*Exercise directions*:
A faithful copy of the data is what is wanted, minus any pictures.

*Data extract*:
======
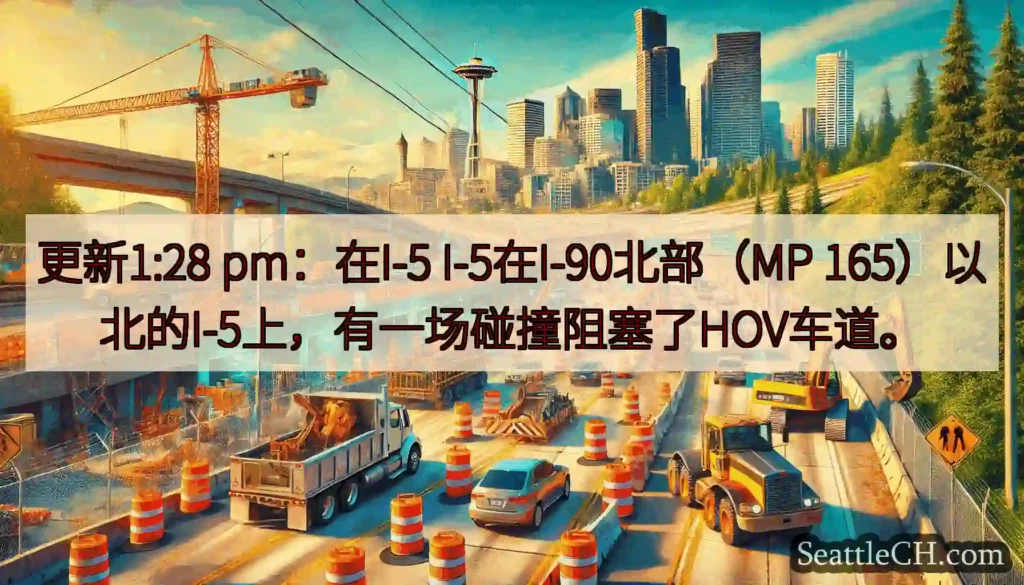 更新1:28 pm：在I-5 I-5在I-90北部（MP
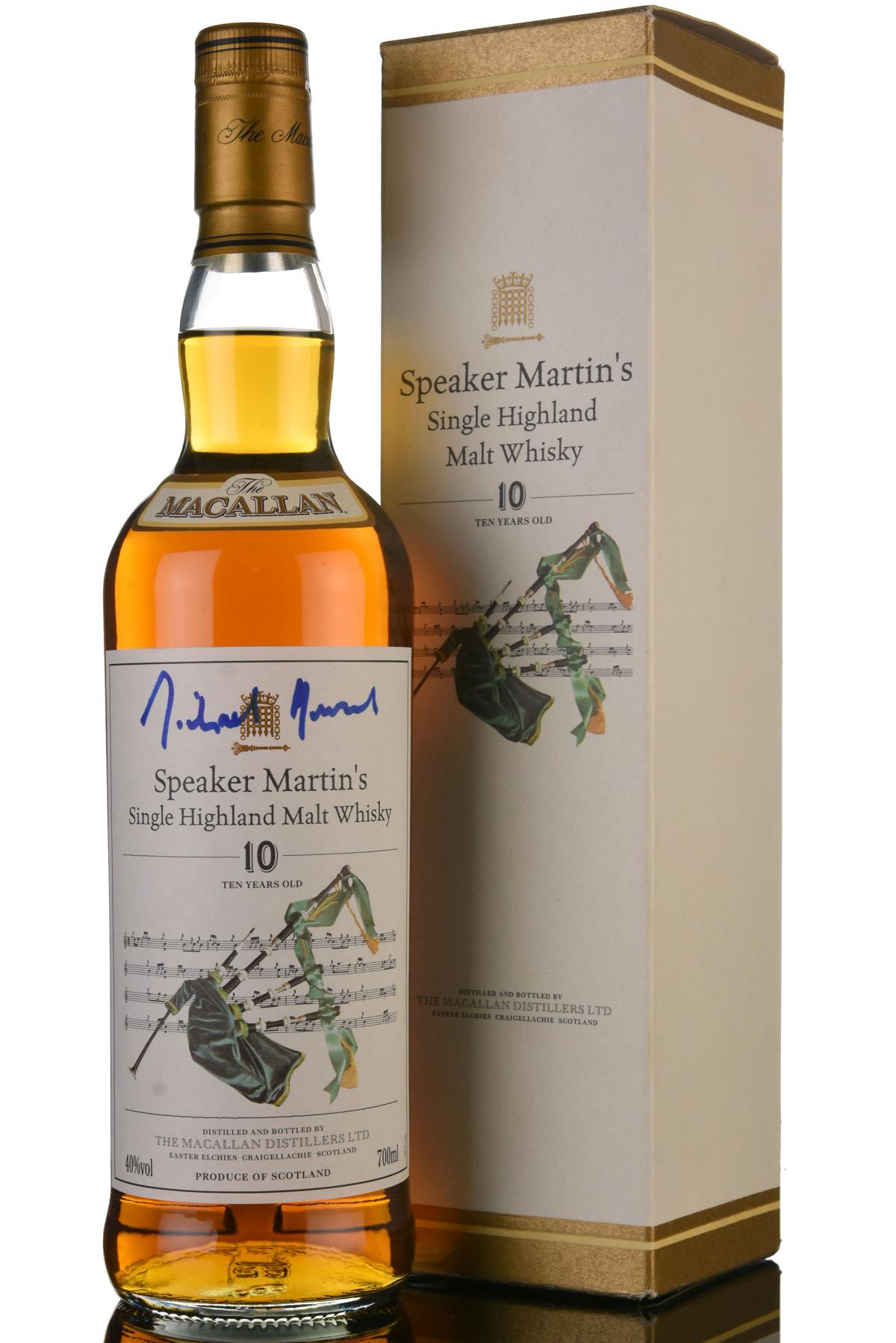 Macallan 10 Year Old - Speaker Martins - Signed Bottle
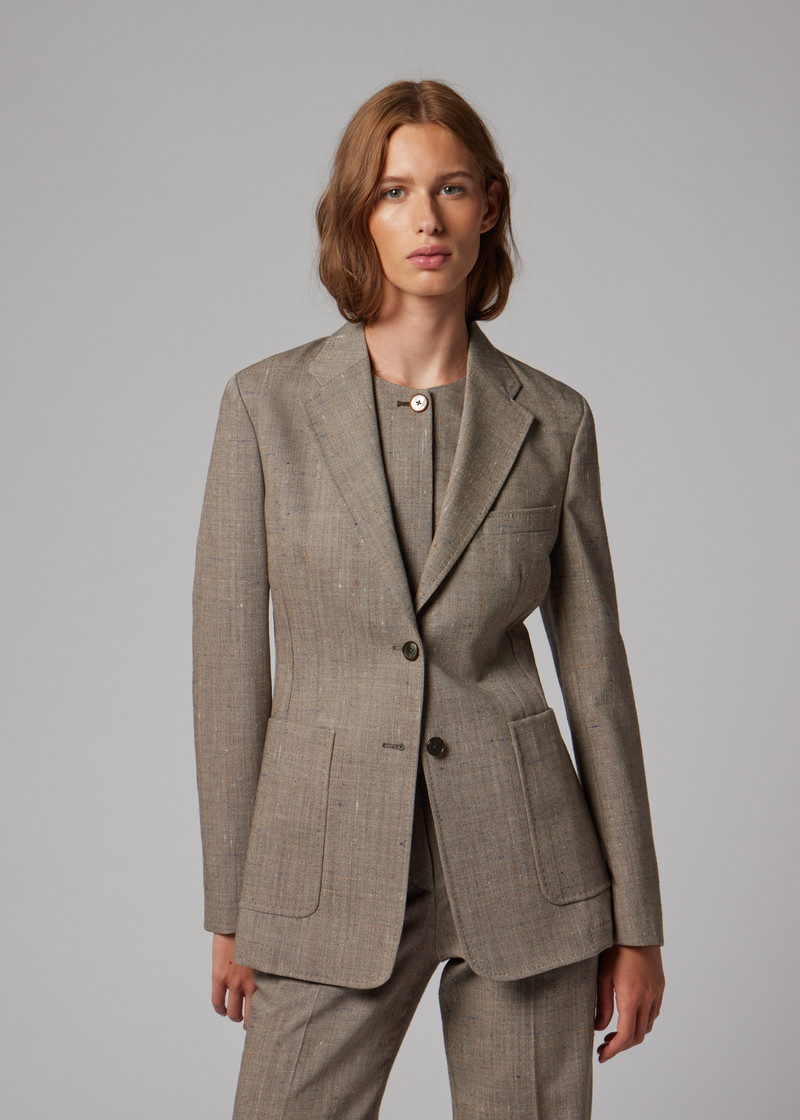 Women's Grey Flecked Tweed Waistcoat 5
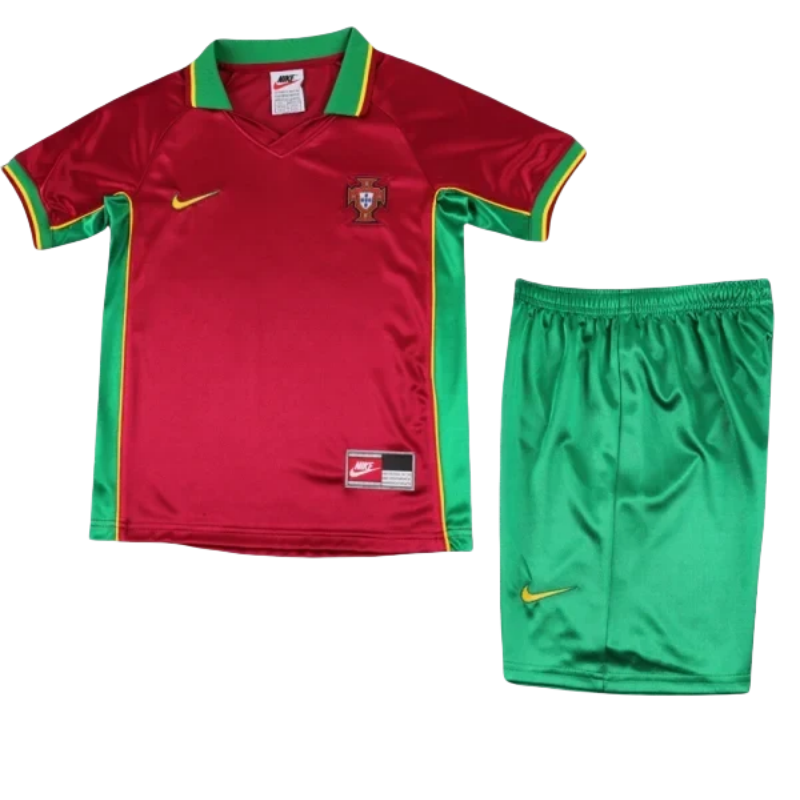 1998 Portugal Home Kids Retro Soccer Jersey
======
*Result of this task*:
 更新1:28 pm：在I-5 I-5在I-90北部（MP
 Macallan 10 Year Old - Speaker Martins - Signed Bottle
 Women's Grey Flecked Tweed Waistcoat 5
 1998 Portugal Home Kids Retro Soccer Jersey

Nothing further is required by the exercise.